Da dove proviene il lino come materia prima?

Per la filatura e tessitura si ricorre sempre al lino europeo coltivato per il 90% nel nord Europa. Il lino di qualità proviene da una precisa area geografica tra Normandia, Belgio, Olanda. Paesi nei quali è coltivato il 100% del lino di buona qualità.

Esiste poi il lino bielorusso, egiziano e cinese ma si tratta di una qualità diversa.

In passato però il lino era coltivato con ottimi risultati anche in Italia, tradizione che è andata perduta nel tempo. Nel secondo dopoguerra si è pensato di recuperare questa pratica e competenza agricola che è parte delle radici culturali italiane. Per farlo si è rafforzato il rapporto con il territorio lombardo. In questo senso fare impresa è anche valorizzare il prodotto di una terra. Abbiamo riportato i campi di lino in Lombardia, per chiudere un cerchio, realizzare un tessuto a chilometro zero e, nel farlo, coinvolgere un’intera comunità.

Perché l’esperimento di riportare i campi di lino in Italia si diffonda abbiamo fatto esperienza di quanto sia necessaria la partecipazione e il coinvolgimento di centri culturali, istituzioni, scuole, associazioni, accademie di belle arti, aziende attente al territorio con attività, mostre, eventi.

Quando lino riuscite a coltivare ad oggi?

Siamo attorno all’1 o 2% rispetto ai volumi che ci sono necessari, ma è stato avviato il processo che ha aperto alla possibilità di questa coltivazione.

Il linificio e canapificio nazionale è diventato società benefit anche per questa operazione di riportare la coltivazione del lino in Italia, perché ha anche una valenza culturale e sociale.

Lo scorso anno erano solo pochi ettari coltivati, quest’anno sono diventati 15, il prossimo anno saranno 30 e via crescendo a 45 e poi 60 ettari.

In questa fase, l’agricoltore non corre il rischio di impresa perché siamo noi, come linificio, ad accollarci l’eventuale rischio agricolo: remuneriamo il coltivatore a prescindere da come andrà il raccolto, proprio per incentivare la quantità di ettari coltivati.

Perché è così importante che la materia prima sia di produzione nazionale?

Perché permette la riduzione della catena del valore: si tratta di una filiera che potrebbe essere quasi a chilometro zero.
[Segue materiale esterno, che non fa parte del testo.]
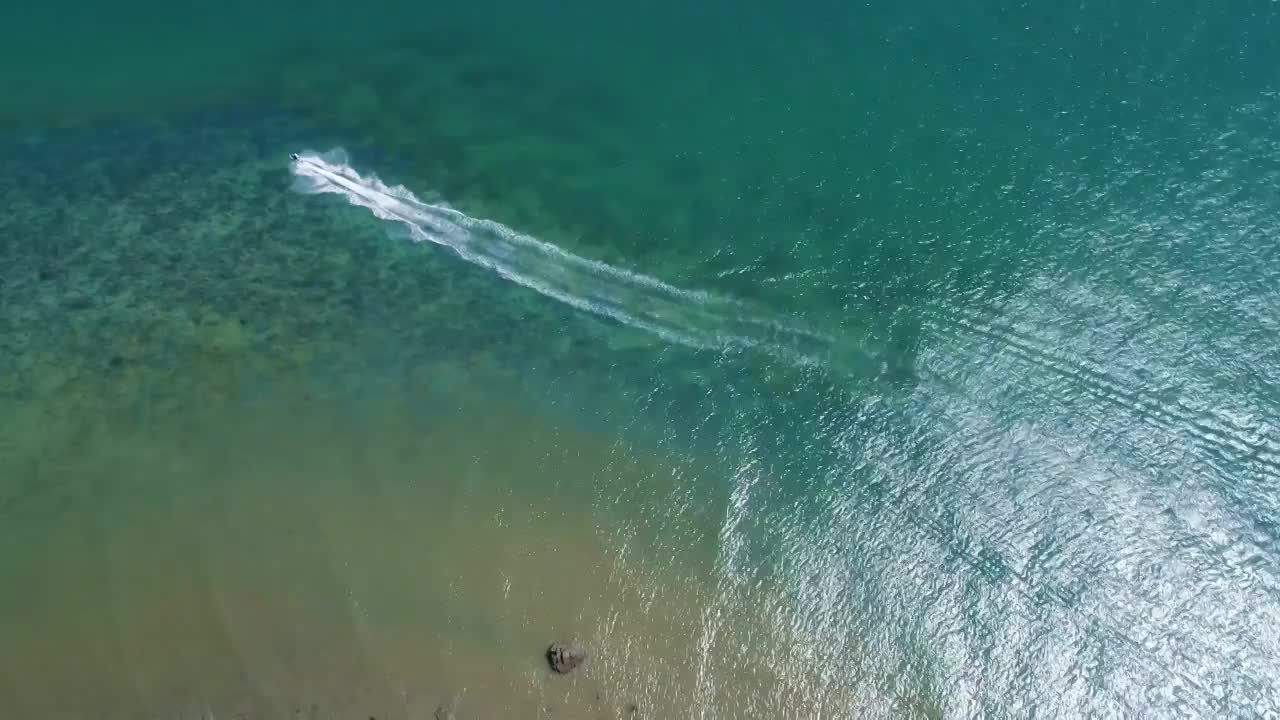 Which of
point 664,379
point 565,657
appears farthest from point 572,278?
point 565,657

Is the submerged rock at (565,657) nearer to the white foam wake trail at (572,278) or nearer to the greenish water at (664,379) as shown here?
the greenish water at (664,379)

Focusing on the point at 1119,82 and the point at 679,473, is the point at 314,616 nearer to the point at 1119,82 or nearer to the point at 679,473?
the point at 679,473

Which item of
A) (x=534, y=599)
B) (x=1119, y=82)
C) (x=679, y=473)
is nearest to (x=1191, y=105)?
(x=1119, y=82)

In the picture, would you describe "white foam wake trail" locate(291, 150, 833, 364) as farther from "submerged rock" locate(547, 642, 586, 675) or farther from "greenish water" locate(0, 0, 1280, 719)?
"submerged rock" locate(547, 642, 586, 675)

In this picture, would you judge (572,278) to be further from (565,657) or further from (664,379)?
(565,657)

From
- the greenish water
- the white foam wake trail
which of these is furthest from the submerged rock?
the white foam wake trail

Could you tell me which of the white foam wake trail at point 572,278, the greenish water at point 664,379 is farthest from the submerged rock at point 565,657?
the white foam wake trail at point 572,278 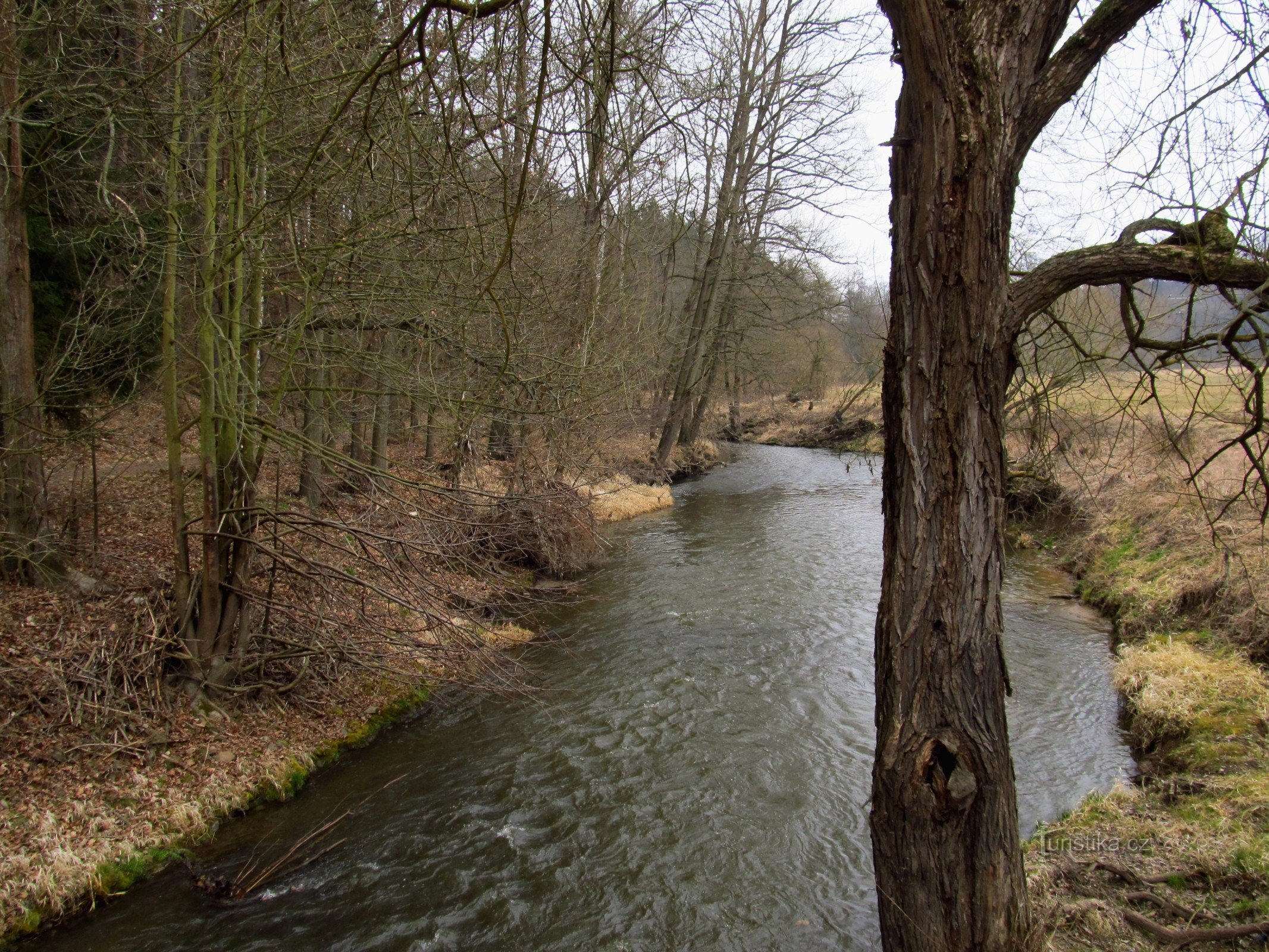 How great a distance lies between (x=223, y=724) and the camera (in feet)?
20.9

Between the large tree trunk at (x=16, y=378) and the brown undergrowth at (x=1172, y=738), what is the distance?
26.4 feet

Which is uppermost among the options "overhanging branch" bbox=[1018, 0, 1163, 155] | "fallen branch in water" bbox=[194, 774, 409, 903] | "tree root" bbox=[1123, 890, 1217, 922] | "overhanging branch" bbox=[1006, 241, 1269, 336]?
"overhanging branch" bbox=[1018, 0, 1163, 155]

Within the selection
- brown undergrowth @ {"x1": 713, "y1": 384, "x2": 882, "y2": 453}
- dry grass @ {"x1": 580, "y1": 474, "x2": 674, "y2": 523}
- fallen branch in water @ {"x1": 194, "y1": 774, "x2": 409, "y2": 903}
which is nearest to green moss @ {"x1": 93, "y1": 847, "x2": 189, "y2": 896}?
fallen branch in water @ {"x1": 194, "y1": 774, "x2": 409, "y2": 903}

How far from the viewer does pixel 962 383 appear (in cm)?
308

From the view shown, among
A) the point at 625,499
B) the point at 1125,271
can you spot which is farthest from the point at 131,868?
the point at 625,499

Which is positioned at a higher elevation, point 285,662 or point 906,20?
point 906,20

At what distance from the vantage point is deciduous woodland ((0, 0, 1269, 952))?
3107mm

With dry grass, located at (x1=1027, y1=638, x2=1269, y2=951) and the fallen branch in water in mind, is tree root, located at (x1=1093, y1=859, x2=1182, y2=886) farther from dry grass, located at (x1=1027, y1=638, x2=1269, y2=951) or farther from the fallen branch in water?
the fallen branch in water

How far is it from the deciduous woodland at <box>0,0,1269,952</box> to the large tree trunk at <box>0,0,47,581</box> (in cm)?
4

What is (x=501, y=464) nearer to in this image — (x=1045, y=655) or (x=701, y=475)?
(x=1045, y=655)

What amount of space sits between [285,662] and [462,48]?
18.4 feet

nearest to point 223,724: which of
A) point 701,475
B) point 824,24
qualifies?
point 701,475

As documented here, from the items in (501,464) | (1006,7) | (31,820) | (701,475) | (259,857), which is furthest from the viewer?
(701,475)

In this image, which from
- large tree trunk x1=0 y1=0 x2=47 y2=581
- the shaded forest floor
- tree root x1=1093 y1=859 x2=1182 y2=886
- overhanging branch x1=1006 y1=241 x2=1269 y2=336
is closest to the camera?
overhanging branch x1=1006 y1=241 x2=1269 y2=336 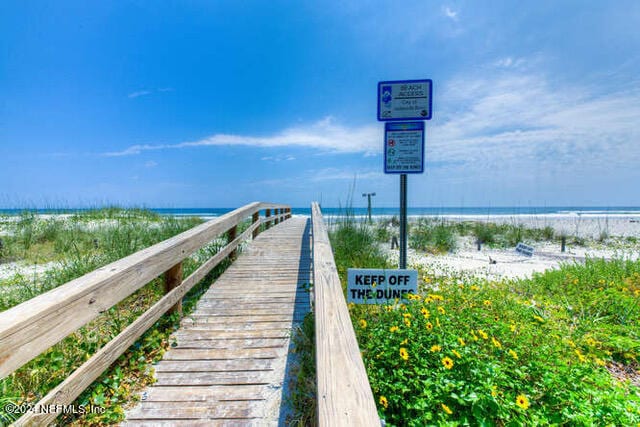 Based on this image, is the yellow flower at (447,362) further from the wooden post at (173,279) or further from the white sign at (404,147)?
the wooden post at (173,279)

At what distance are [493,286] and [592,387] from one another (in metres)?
2.82

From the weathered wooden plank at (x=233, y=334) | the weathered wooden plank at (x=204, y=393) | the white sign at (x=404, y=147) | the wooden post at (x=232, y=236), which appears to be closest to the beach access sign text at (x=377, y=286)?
the weathered wooden plank at (x=233, y=334)

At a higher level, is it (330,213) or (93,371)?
(330,213)

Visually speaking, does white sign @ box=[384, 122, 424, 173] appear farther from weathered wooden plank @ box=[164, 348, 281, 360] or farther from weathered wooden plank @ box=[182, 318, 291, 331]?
weathered wooden plank @ box=[164, 348, 281, 360]

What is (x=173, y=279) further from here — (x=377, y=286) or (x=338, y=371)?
(x=338, y=371)

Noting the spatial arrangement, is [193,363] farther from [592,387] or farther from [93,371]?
[592,387]

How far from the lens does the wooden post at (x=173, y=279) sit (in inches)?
116

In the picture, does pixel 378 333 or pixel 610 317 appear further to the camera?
pixel 610 317

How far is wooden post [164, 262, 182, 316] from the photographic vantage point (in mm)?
2943

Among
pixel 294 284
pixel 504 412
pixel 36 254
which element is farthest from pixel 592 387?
pixel 36 254

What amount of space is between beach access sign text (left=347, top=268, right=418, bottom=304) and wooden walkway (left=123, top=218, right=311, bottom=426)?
78cm

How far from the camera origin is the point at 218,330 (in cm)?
293

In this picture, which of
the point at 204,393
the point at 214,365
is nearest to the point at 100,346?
the point at 214,365

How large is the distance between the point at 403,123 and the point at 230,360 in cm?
327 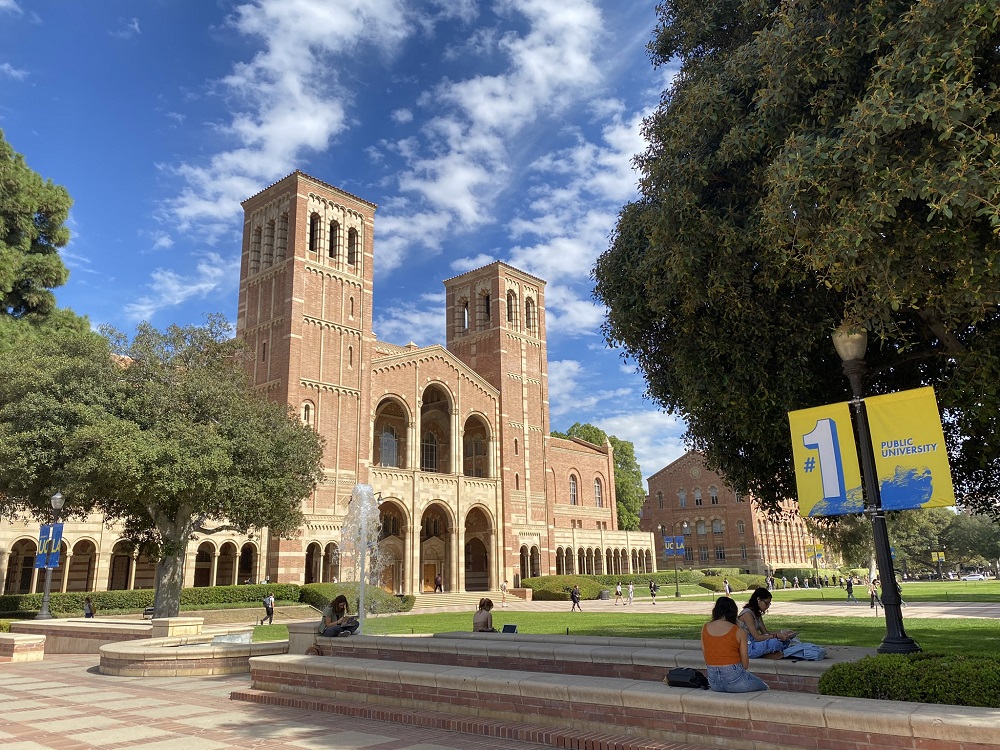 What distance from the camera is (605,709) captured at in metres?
6.78

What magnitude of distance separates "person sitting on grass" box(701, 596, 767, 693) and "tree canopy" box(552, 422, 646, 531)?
240ft

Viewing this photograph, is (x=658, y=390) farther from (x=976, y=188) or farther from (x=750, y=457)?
(x=976, y=188)

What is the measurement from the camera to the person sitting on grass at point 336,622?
1153cm

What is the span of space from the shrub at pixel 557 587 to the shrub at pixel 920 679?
1553 inches

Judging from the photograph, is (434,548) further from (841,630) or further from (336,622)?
(336,622)

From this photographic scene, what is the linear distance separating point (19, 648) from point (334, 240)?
103 ft

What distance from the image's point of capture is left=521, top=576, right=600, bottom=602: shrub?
44.5 metres

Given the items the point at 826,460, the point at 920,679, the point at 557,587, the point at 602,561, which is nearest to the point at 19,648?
the point at 826,460

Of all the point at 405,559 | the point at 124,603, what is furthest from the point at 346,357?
the point at 124,603

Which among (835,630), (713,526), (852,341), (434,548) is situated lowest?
(835,630)

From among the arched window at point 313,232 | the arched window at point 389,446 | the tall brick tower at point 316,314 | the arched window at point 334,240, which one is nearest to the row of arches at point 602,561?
the arched window at point 389,446

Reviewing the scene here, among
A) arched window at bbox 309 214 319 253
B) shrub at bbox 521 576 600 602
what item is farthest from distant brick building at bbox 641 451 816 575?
arched window at bbox 309 214 319 253

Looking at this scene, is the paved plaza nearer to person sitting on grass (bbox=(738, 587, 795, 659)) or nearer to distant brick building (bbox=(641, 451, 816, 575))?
person sitting on grass (bbox=(738, 587, 795, 659))

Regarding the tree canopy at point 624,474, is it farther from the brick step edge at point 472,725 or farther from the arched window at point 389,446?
the brick step edge at point 472,725
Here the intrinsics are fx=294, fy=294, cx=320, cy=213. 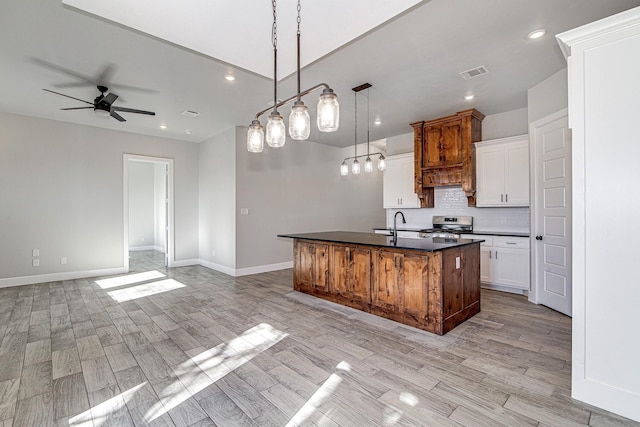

C’è poi un altro aspetto, legato alle condizioni climatiche che mutano gli scenari, per questo è saggio nel medio periodo crearsi delle alternative non solo in Lombardia, ma anche in Toscana, Emilia Romagna e in Puglia. Vogliamo diversificare le colture per capire quali possono essere le opportunità climatiche e le tipologie di terreno migliori per far crescere il lino, tra l’altro in fioritura a inizio giugno.